箱は、創業者がひとつひとつ手作りであの優しい丸みを出していました。

鶴乃子のまあるい箱をそっとなでてください。
手のひらにやさしくなじむ、自然なふくらみがあることにお気づきになるはずです。
創業者石村善太郎は、「競争はするな勉強をせよ。人が角いものを作ればこちらは丸いものを作れ」とよく言い、人と争わず、共生しようとするこころを持つこと、そして人の真似をせず独創的な菓子づくりをする、を信条としていました。その精神から生まれたのが鶴乃子であり、鶴乃子を入れる卵型の箱でした。初代は、隠居してからも「鶴乃子の箱だけは私が作るばい」と、柔道の稽古着を仕事着に、一つ一つていねいに紙を張り、茶碗の底を使ってあのやさしい丸みを出していました。その数は、1日に200個から300個にもなったそうです。
ー 花持ちし人よりよくる小路かな ー
しっかりとした自信を持った人は、自分から人にみちを譲りつつ前進するものだ。確固たる実力を備えながら、謙虚でありなさい、という意味です。この教えもまた、鶴乃子とともに初代から先代、現社長に受け継がれ、今に伝えられています。

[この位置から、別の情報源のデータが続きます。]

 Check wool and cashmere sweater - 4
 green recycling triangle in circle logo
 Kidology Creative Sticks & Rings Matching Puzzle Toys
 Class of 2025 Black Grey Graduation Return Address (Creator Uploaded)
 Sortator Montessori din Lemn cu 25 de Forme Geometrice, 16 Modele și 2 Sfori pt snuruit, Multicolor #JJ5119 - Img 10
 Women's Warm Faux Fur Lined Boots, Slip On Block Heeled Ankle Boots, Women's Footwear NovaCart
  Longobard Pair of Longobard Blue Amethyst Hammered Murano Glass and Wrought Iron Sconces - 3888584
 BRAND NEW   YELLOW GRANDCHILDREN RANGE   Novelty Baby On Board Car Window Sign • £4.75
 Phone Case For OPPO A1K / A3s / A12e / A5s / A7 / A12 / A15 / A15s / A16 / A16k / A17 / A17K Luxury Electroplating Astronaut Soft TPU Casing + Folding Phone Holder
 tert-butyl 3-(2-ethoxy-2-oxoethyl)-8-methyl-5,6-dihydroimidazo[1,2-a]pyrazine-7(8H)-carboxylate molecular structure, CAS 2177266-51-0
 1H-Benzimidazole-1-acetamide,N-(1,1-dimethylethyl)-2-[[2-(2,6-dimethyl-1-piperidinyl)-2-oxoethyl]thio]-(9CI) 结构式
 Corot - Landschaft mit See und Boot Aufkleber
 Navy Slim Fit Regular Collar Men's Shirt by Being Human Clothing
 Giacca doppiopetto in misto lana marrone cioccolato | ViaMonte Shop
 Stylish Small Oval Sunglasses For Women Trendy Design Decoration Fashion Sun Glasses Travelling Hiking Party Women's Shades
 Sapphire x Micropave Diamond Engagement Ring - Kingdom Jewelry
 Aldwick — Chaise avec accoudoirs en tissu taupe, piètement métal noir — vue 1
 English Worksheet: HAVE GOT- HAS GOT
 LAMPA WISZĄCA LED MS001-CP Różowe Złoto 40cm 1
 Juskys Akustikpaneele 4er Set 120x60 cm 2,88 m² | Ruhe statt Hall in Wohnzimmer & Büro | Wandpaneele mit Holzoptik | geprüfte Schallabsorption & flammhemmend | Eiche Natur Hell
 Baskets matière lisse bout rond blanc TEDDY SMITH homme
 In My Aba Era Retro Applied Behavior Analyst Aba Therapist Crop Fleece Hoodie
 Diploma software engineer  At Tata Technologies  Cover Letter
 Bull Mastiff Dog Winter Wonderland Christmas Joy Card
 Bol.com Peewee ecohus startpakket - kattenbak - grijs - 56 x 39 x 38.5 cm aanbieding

「よろしく」、「ごめんなさい」、「たのしかった。」おみやげにはいろんな想いが込められているけれど、鶴乃子にはきっと、もらった人のこころをふと和ませてくれますよ、角のない、丸い気持ちがずっと込められてきたお菓子ですから。そうそう、鶴乃子の箱にまつわる話もちょっぴり添えて、おみやげ話に花咲かせてみませんか。